We didn’t expect the last week of August to be quite so momentous, but these days politics is full of surprises.
As some of you may have seen, the government has just announced £14.4bn more funding for schools.
As always the devil is in the detail, but right now, we should pause for a moment to recognise that, on the face of it, this is a substantial injection of cash, which, over three years, could make a real difference.
It is also right to acknowledge that this announcement hasn’t come out of nowhere. The funding announced today is a result of the high-profile campaign that NAHT has run alongside its members starting five years ago; and through our petitions, press releases, demonstrations, lobbying, pledges and negotiations, we have made sure that the argument for more school funding has stayed at the top of the government’s agenda
We’re not naïve, and school leaders have become accustomed to being disappointed on this issue. For that reason, my press statement, which you can read here, offers a cautious welcome as to what’s been announced.

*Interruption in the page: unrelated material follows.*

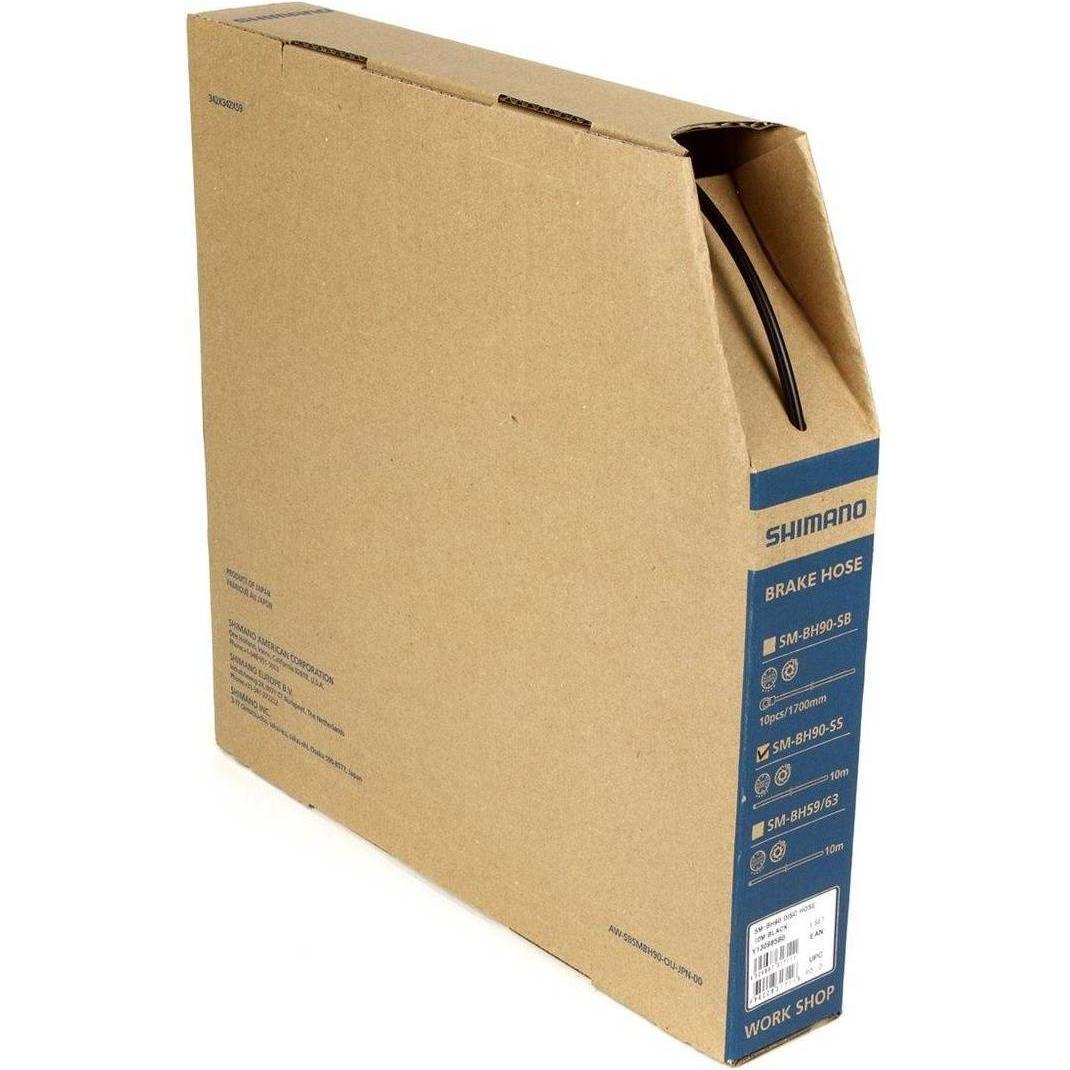 Shimano, Cavo cambio + freni bici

You can also read the government’s statement in full here and make up your own mind about what they have said about the funding.
Naturally further analysis is needed, and we will be doing plenty of work on that now to make sure that what’s been announced meets the needs of all pupils in all schools, not only in England but in Wales and Northern Ireland too. Keep an eye on your inbox over the following days for our additional commentary.
Keeping those reservations and a good dose of healthy scepticism firmly in mind, one thing is beyond dispute; the government has finally acknowledged that it takes a multi-billion-pound investment from the Treasury to repair the damage of the devastating cuts we’ve seen since 2010.
We have unequivocally won the argument for more school and college funding. And that’s because of what we’ve done together.
To that end, I’d like to take this opportunity to thank every NAHT member who has been active in our campaign. We’ve drawn together the biggest coalition of school leaders, governors, parents and other unions to make the case for proper investment in our children’s futures.
What we need to do now is make sure that the substance matches the government’s headlines.
I will be speaking to the Secretary of State for Education in the coming days, to seek further assurances from him, and will, of course, apprise you of any significant details that I’m able to ascertain.